Manresa (Los Gatos, Calif.)
Chef David Kinch prepares new California cuisine with a European refinement at his Los Gatos restaurant. Kinch has a love affair with ingredients — respect for the surrounding landscape is what makes Manresa an edible escape in Northern California. While the menu changes frequently, dishes might include "garden beignets and leaves" or smoky eggplant with lightly cured mackerel and toasted rice. Kinch’s newly launched book, An Edible Reflection, gives you a glimpse at how to create the thought-provoking dishes that Manresa has been lauded for.

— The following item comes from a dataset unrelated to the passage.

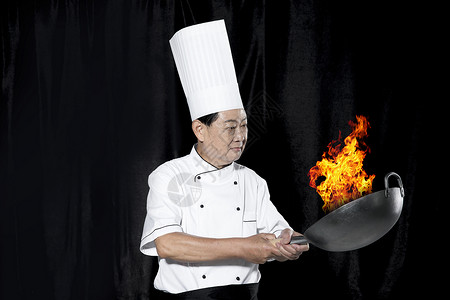 厨师掌勺大火烹饪高清图片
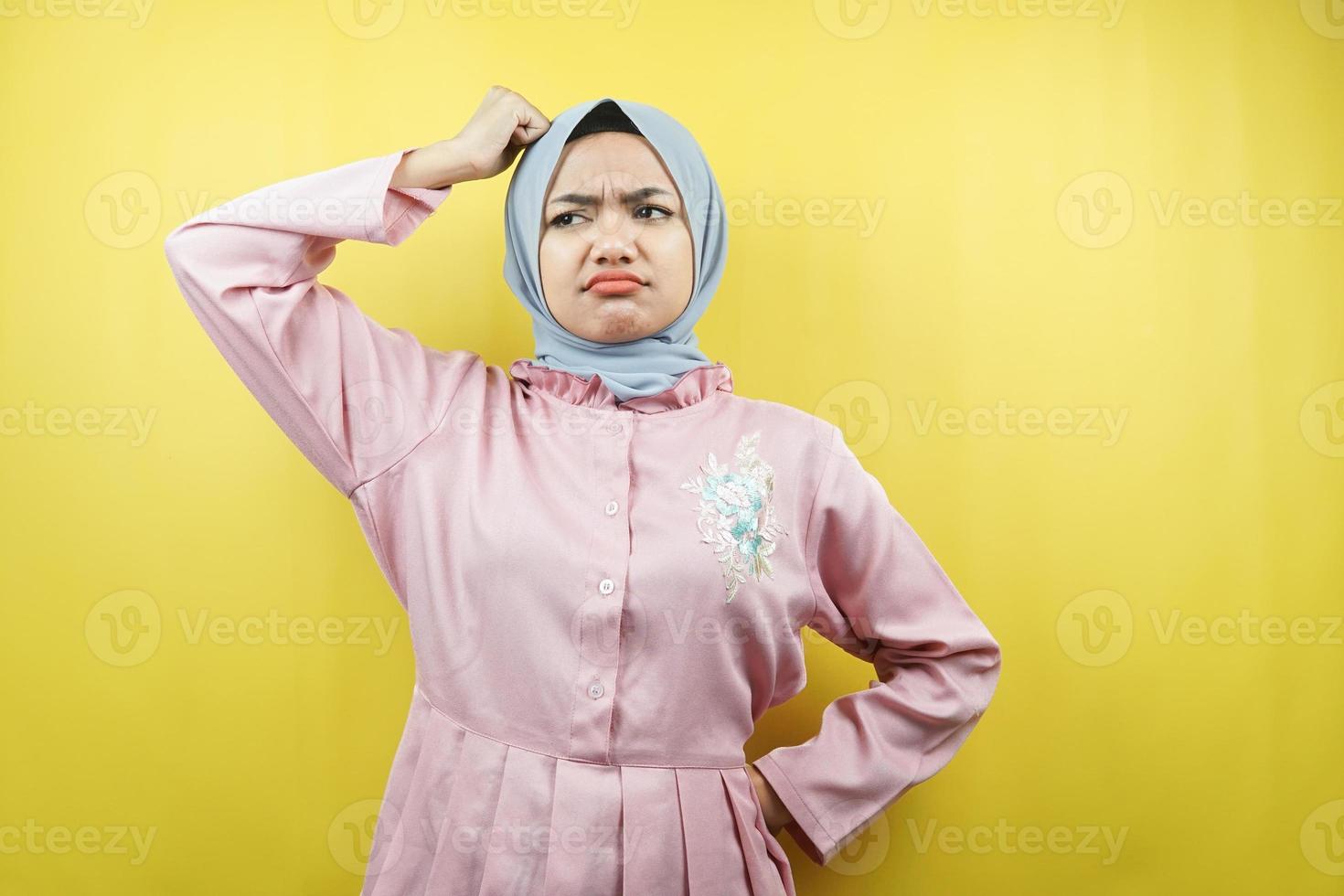 Beautiful young muslim woman sad, confused, thinking, isolated photo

Aamanns-Copenhagen (New York City)
Celebrating the "New Nordic Manifesto," chef Carl Kristian Frederiksen represents Scandinavian cuisine with his own creative additions. Frederiksen cooks simply and artfully. Whether it be his house-made rye bread (which took more than 50 tries to perfect), infused aquavit, or a perfectly cooked piece of fish, any meal at Aamanns-Copenhagen will make you wish you were from Denmark.
Tippling Club (Singapore)
Chef Ryan Clift has created a restaurant that is worth the flight to Singapore. There is a primal element to the restaurant design and branding that is intoxicatingly alluring. Diners enjoy elevated food and drink in a lush tropical rainforest, just outside downtown Singapore — are we there yet? Refined dishes inspired by the vast culinary influences of Singapore are bursting off the plate, with offerings such as razor clams with purple garlic and parsley root and kingfish with yuzu sorbet and black radish. This English chef certainly has found a home away from home in Singapore.